The swifts were screaming high in sunny air as we turned our backs on Gloucester for Monmouth and Kymin Hill. We passed through a land of orchards and rush-green corn to Ross, there changed trains, and soon found ourselves on the banks of the Wye en route for Symon’s Yat. Wooded hills began to grow up on either side of us. The cresséd isles of snow-white water-crowfoot gave us the impression of winter snow in summer flood. (p. 38)
Arrived at the station of May Hill, we crossed the bridge to take a photograph of the Kymin, with the bridge in the foreground, then recrossed it. Haymakers were busy on one side of the road, and on the other side, beneath the shade of poplars, the sheep shearers were at work, not with the picturesque shears as we see them at clippings at the northern fellside farms, but with an unpicturesque and whizzing machine.
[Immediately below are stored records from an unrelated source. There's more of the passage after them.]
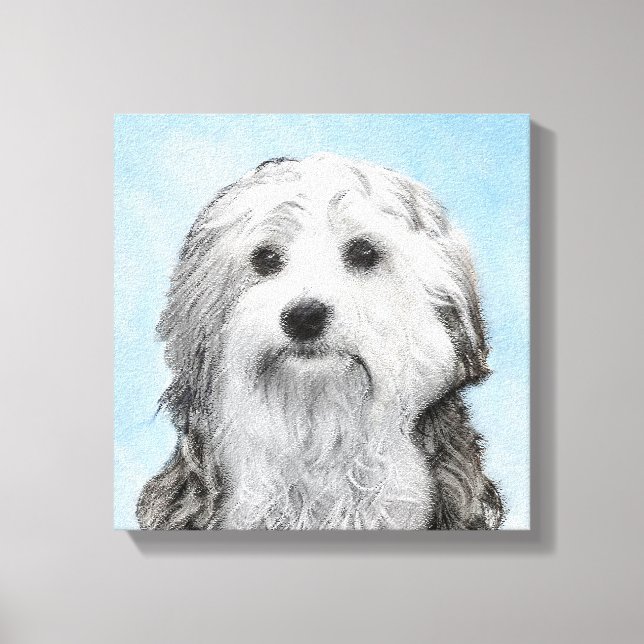 Lowchen Painting - Cute Original Hund Art Canvastryck (Framsida)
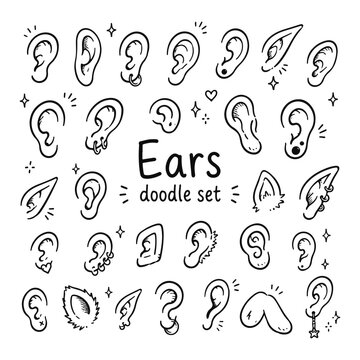ears doodles set. Hand drawn vector doodle set on white background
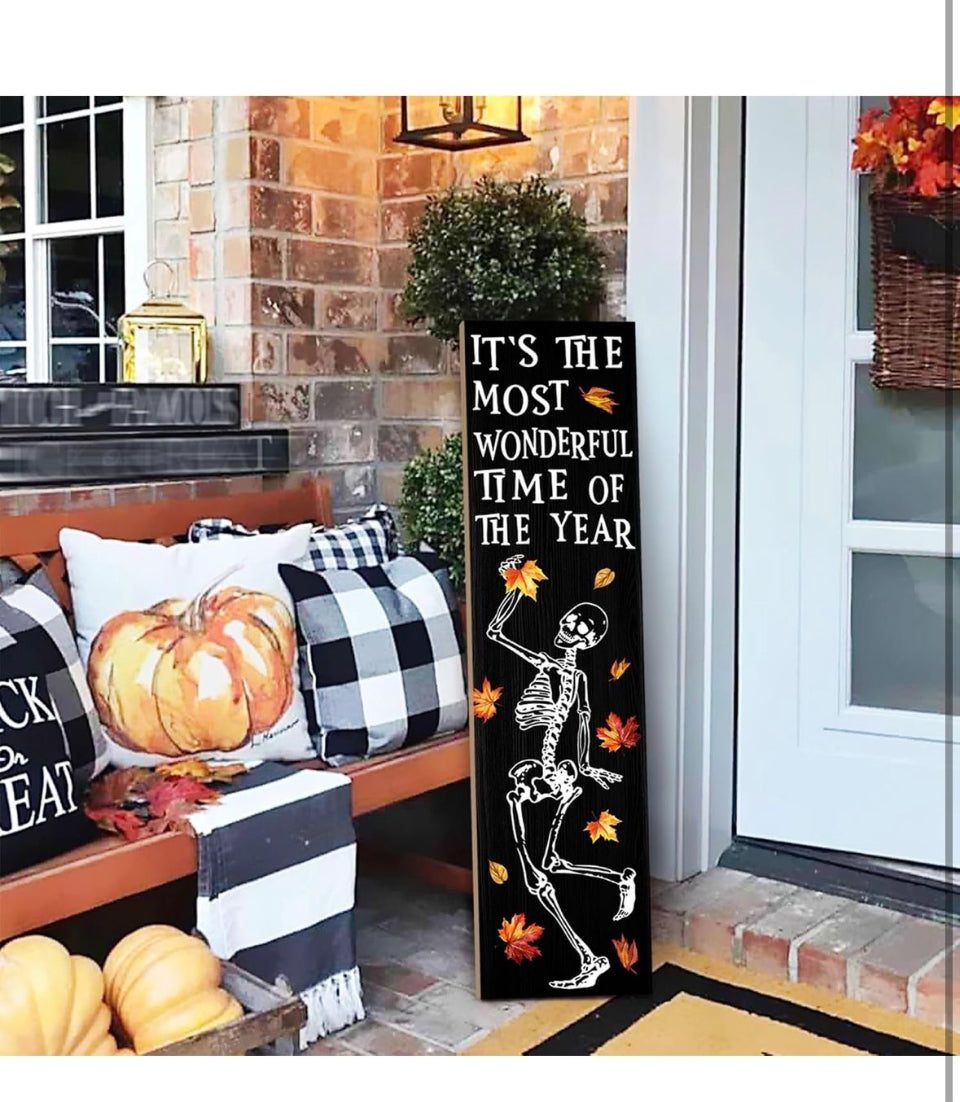 Open Box New "WUAHON Halloween Porch Sign - Decorative Skull Decor Hanging Wooden Welcome Sign for Fall Maple leaf Skull Standing Hanging Home Front D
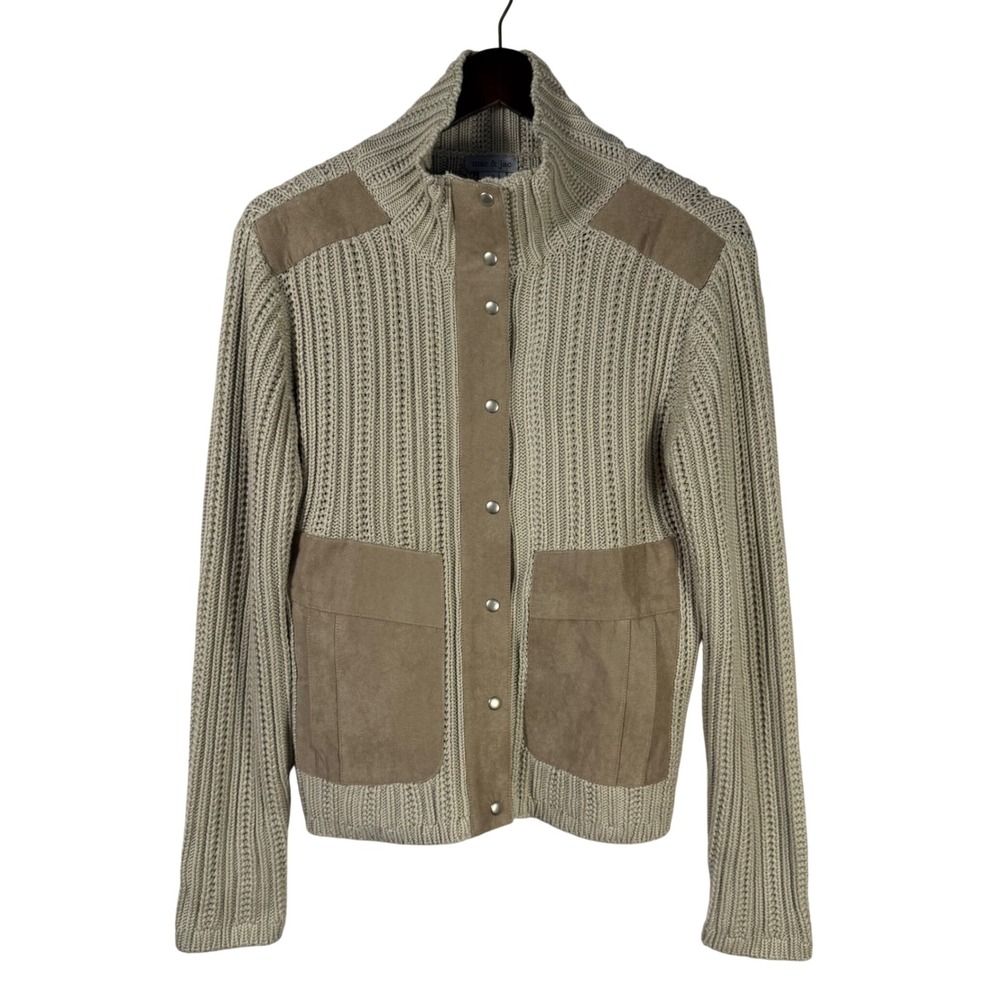 Mac‎ & Jac L Ribbed Knit Sweater Jacket Faux Suede Patch Snap Front Neutral Tan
We turned to the left up the main road for Coalford and Gloucester, and in a couple of hundred yards began to ascend by a delightful hazel-bowered path which led to an open meadow, and thence turned steeply toward the Kymin Hill; a fine view was obtained from this meadow of the pink and white town, with its blue-grey roofs and single town spire beyond the gleaming Wye. Thence to the right we made our way up a good cart road, passing one or two cottages covered with roses, whose gardens were gay with valerian and pansies, missed the near path up the hill by reason of an entire lack of guide-posts, and eventually leaving the main cart track went through another woodland path till we regained the cart road which turned sharply to the left beneath the shadow of fine beech trees. We passed another house and eventually arrived at a gate through which we entered a wood, and again, more by luck than direction, found a path which led steeply up to the white tower on the top of the Kymin, which stands in nine acres of ground purchased by the National Trust in 1902 for the sum of £300. (pp. 38-39)
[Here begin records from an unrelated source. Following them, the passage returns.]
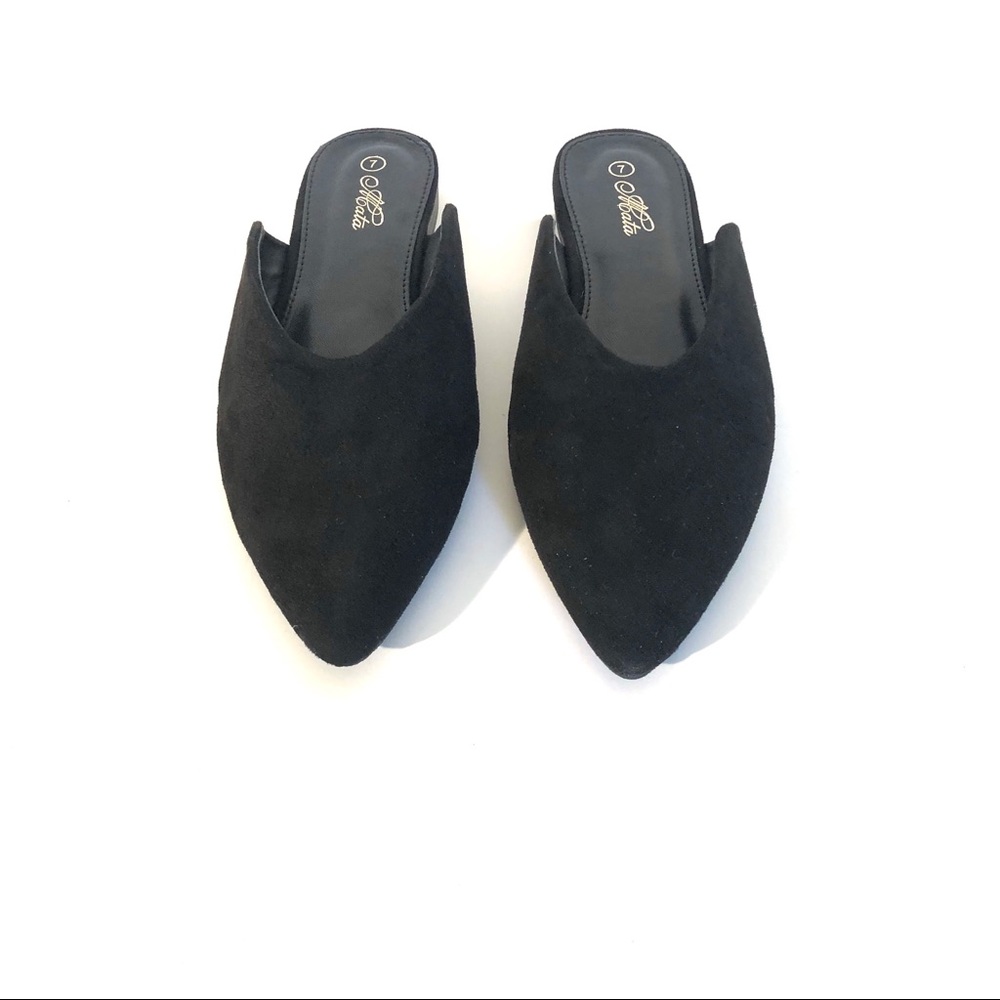 Black faux suede mule flats with pointy closed toe - Picture 3 of 6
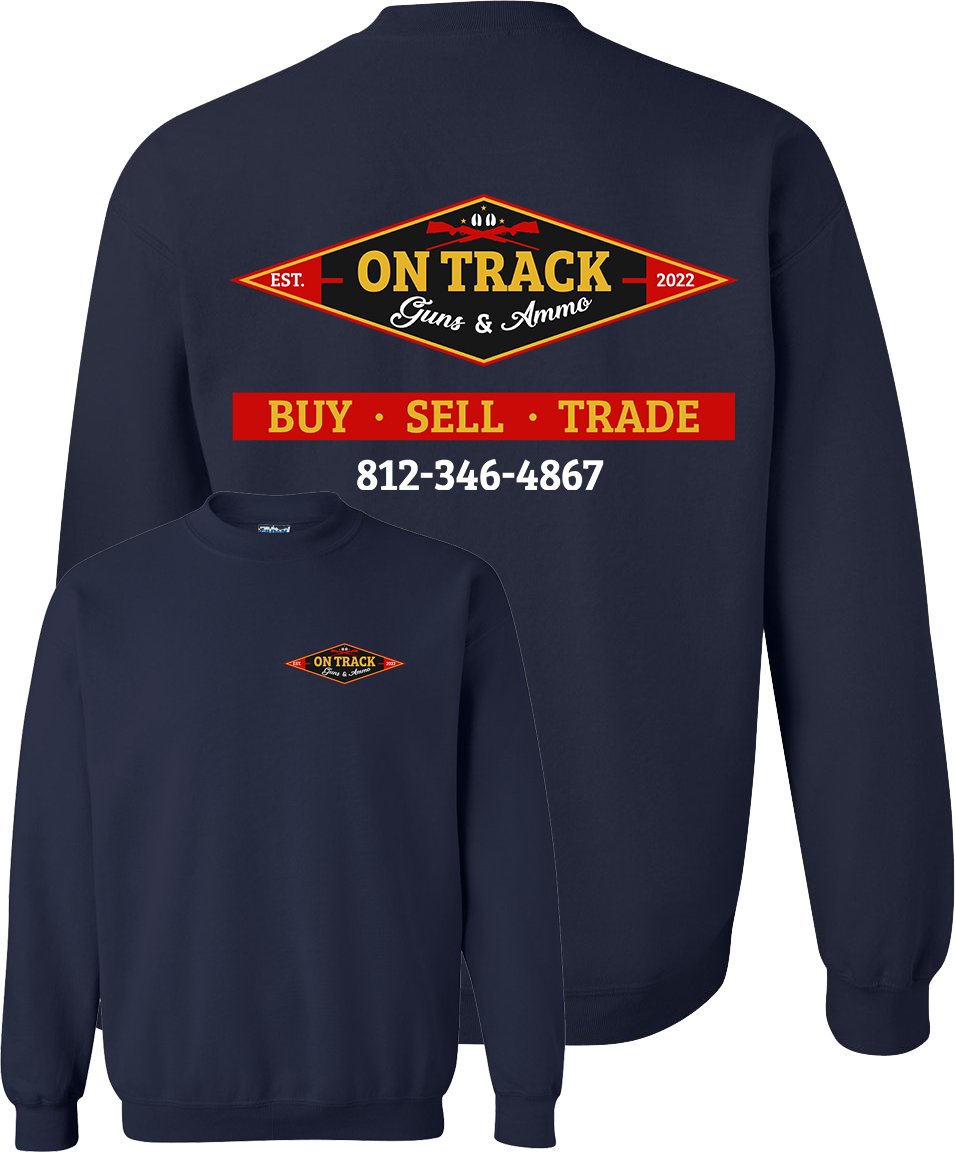 On Track Guns & Ammo Adult Sweatshirts FOUR COLORS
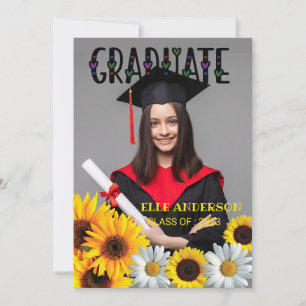 Modern Sunflower Photo  Graduation Holiday Card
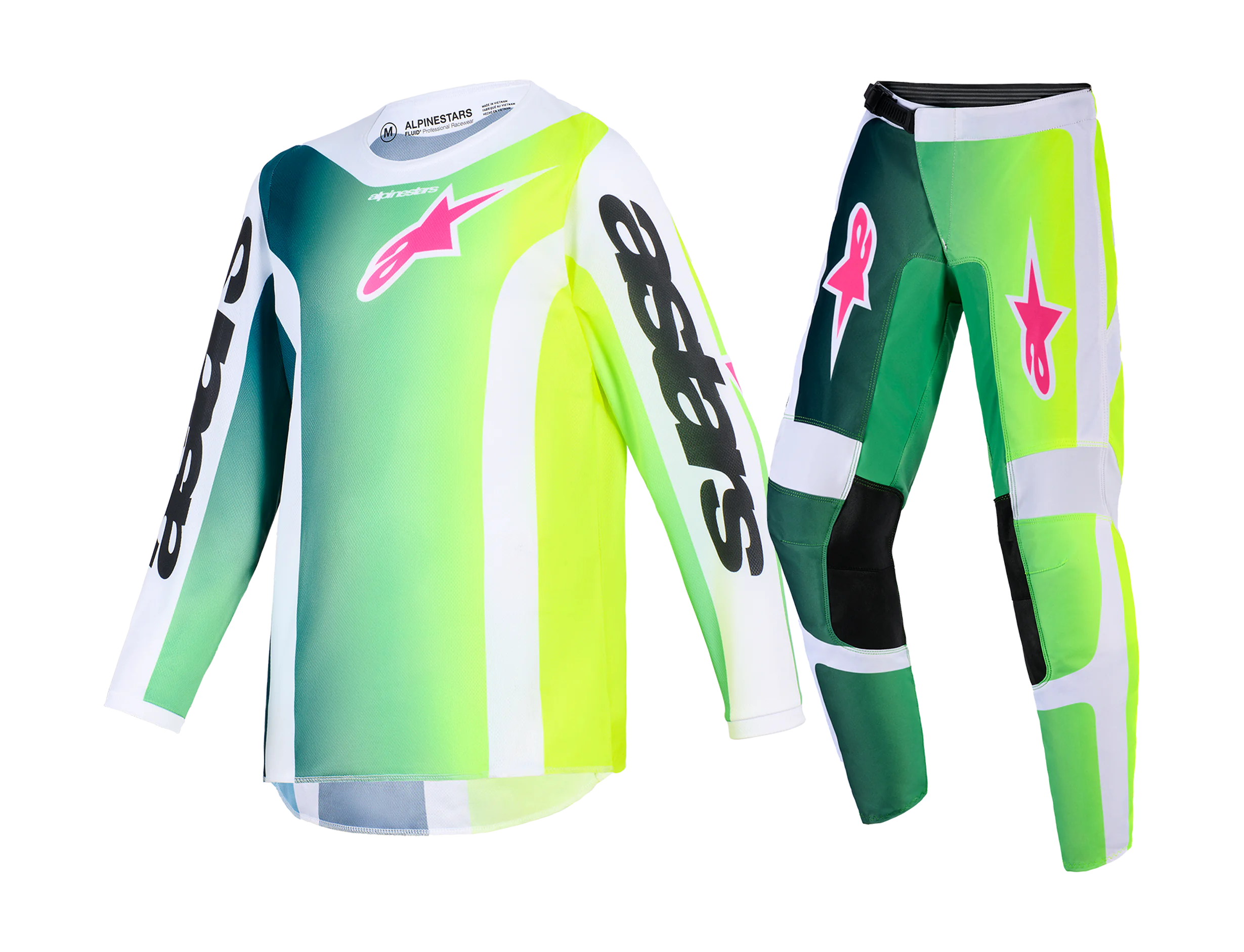 Alpinestars Kinder Crosskleding 2026 Fluid Portl - Groen / Wit / Zwart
It was about three-quarters of an hour’s slow climb from the town, with endless variety of view, and the surprise of the open grass plateau which we gained, with its wind-blown Scotch firs and its comely sycamores, well rewarded us for the ascent. From near the tower where dwells the custodian, though we were somewhat troubled by the fact that seedling sycamores and badly grown oak trees shut out the main view, we were able to obtain at a small opening a fine panorama (pp. 39-40)….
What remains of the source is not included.